### Task prompt
When you reach the line containing "Used 2014 Ford" in the entries below, begin reproducing lines exactly, and stop once the line containing "Nissan Juke Image 20" is done.

### Data shown

════════

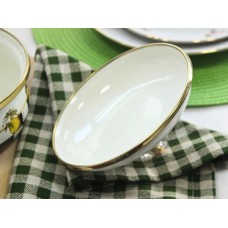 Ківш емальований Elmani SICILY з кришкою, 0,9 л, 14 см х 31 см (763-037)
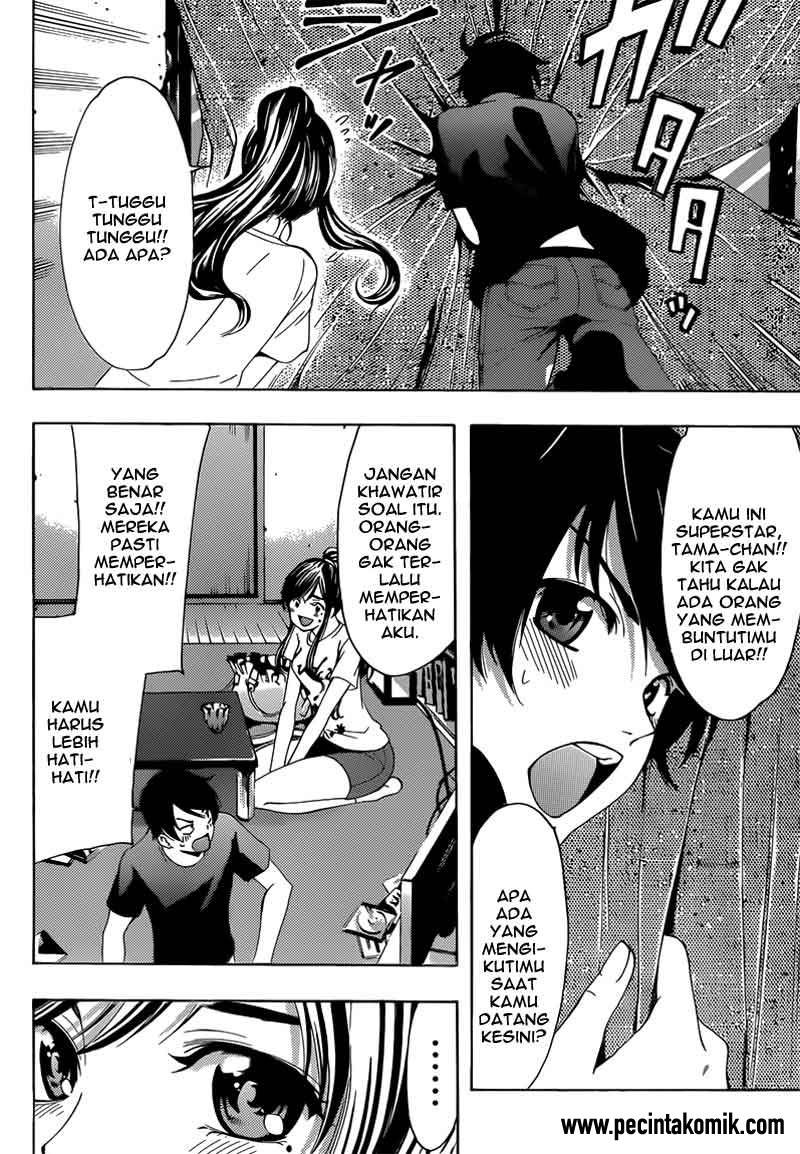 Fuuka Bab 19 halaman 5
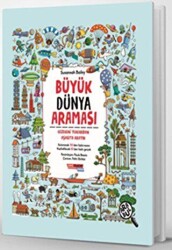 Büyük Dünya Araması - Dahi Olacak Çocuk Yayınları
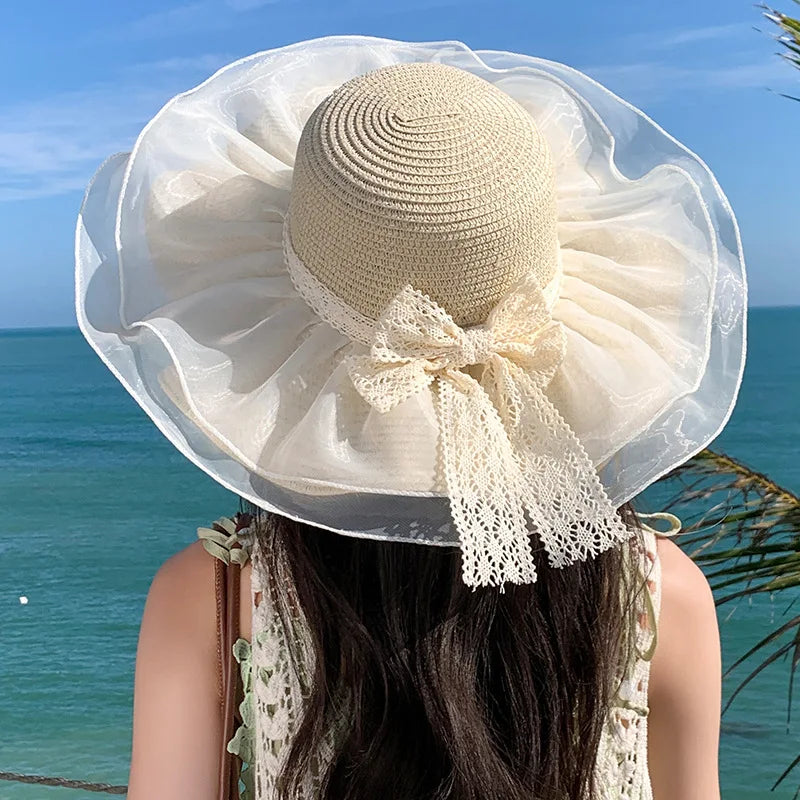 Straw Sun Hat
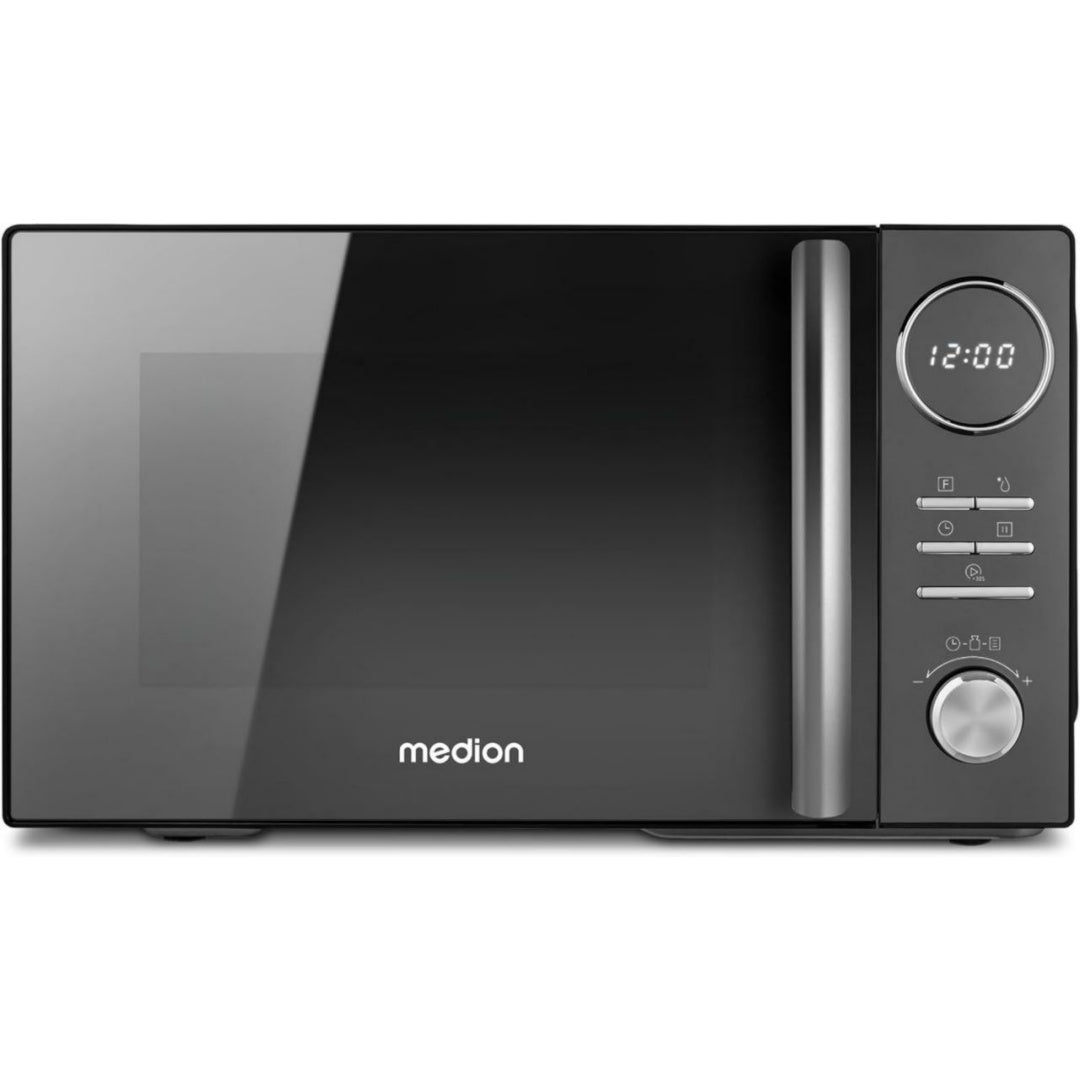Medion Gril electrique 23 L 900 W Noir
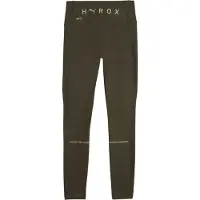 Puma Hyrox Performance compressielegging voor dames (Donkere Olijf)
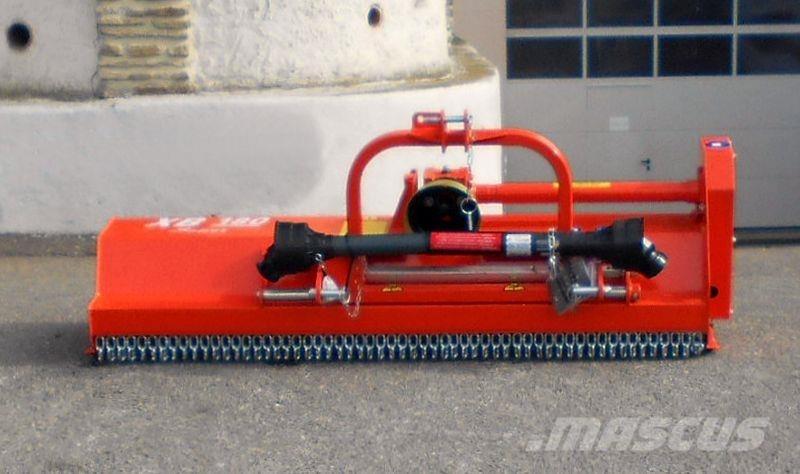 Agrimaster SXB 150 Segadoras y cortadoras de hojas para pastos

════════

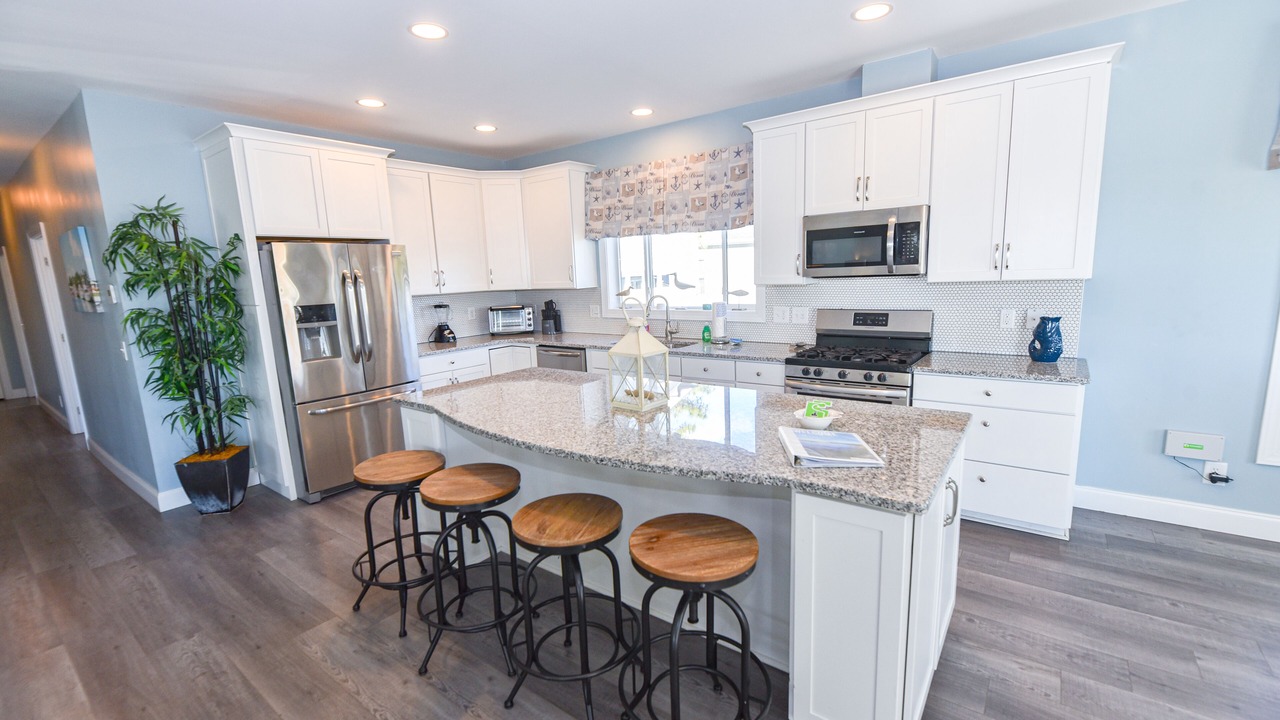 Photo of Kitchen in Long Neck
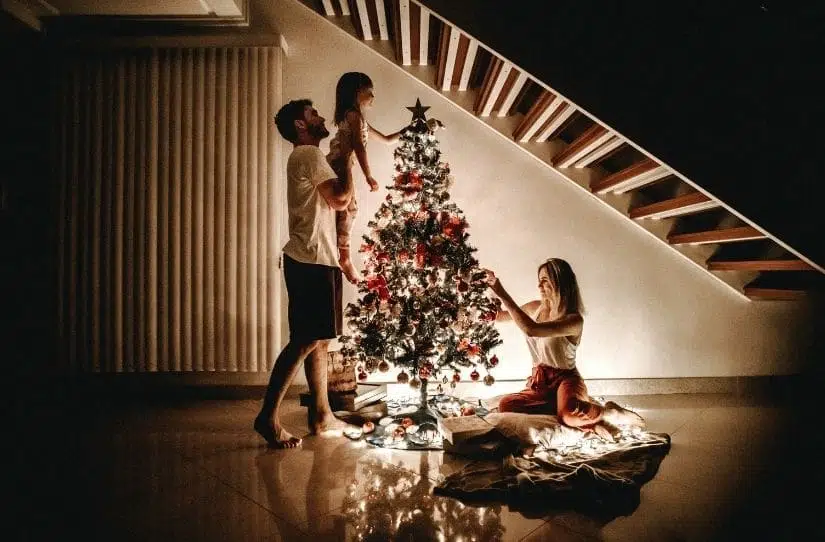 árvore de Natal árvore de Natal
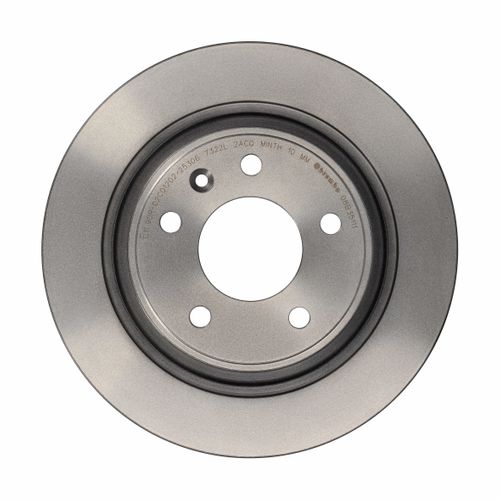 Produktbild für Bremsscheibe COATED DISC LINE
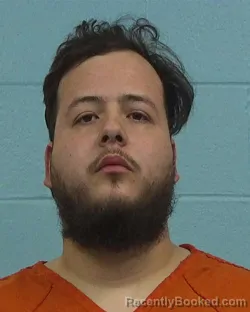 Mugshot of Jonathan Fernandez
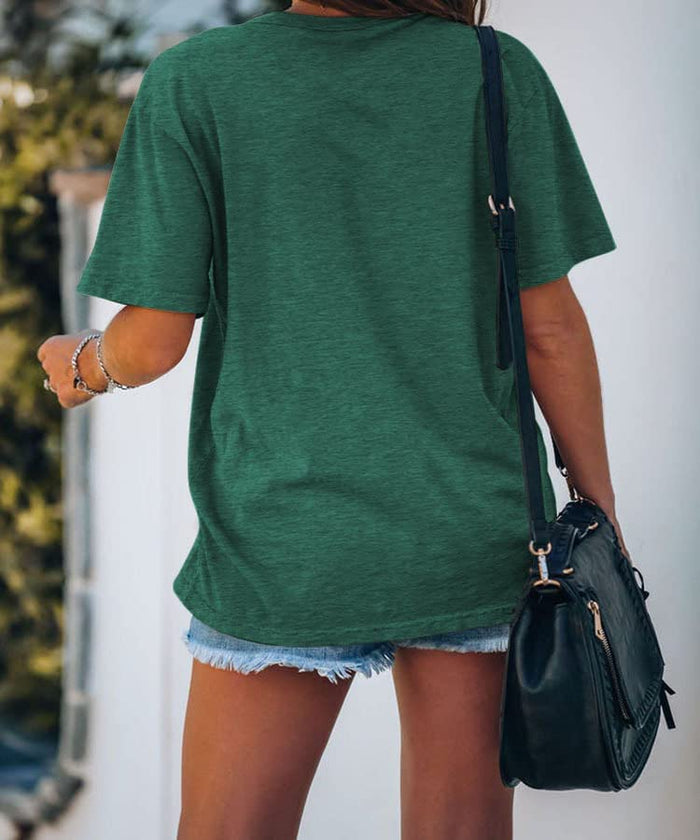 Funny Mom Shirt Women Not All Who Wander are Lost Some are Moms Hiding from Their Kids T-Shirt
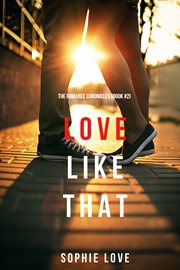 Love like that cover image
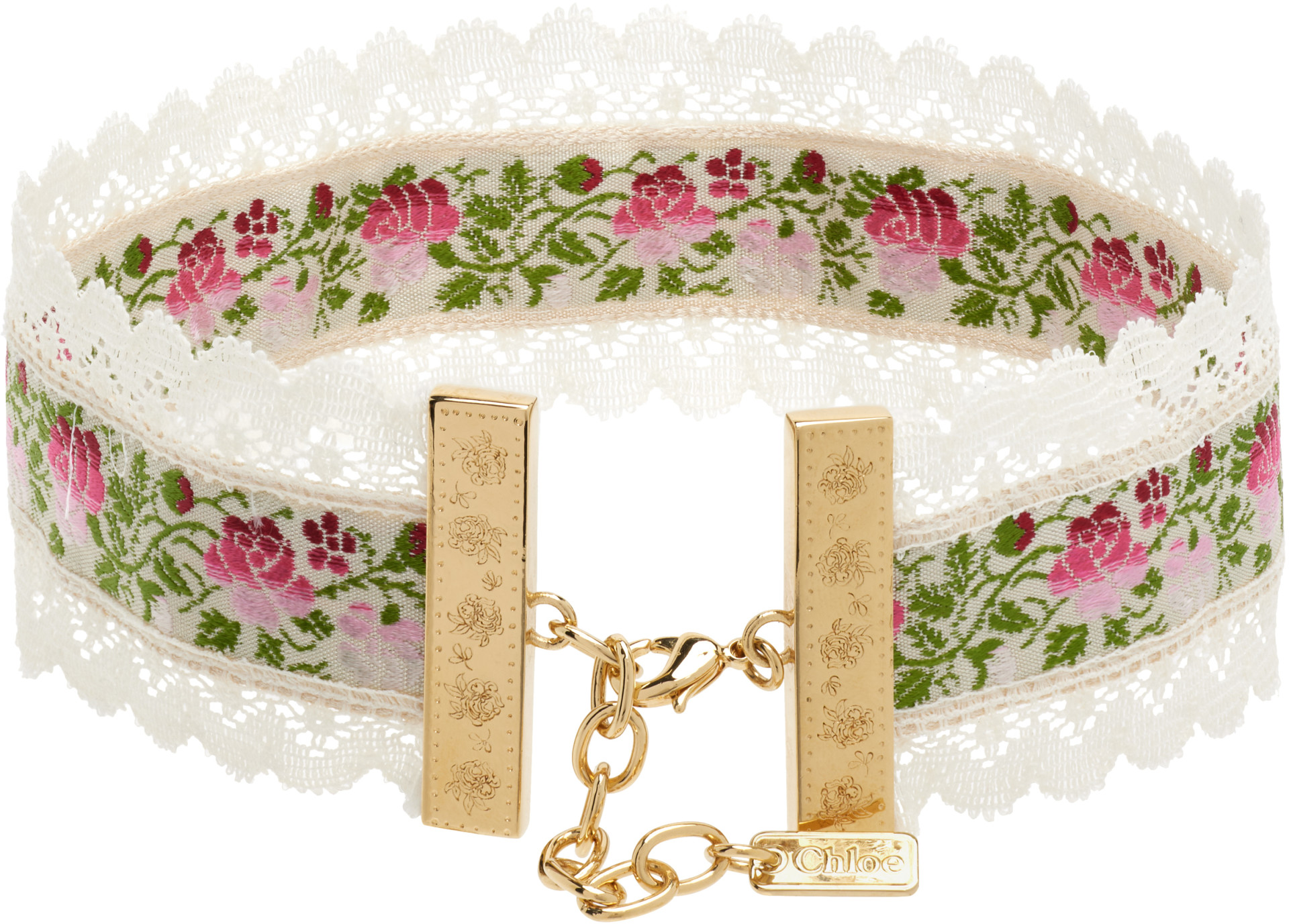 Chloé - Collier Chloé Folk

════════

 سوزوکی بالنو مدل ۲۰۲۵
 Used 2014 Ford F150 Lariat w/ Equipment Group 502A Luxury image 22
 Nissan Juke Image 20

════════

### Written solution
 Used 2014 Ford F150 Lariat w/ Equipment Group 502A Luxury image 22
 Nissan Juke Image 20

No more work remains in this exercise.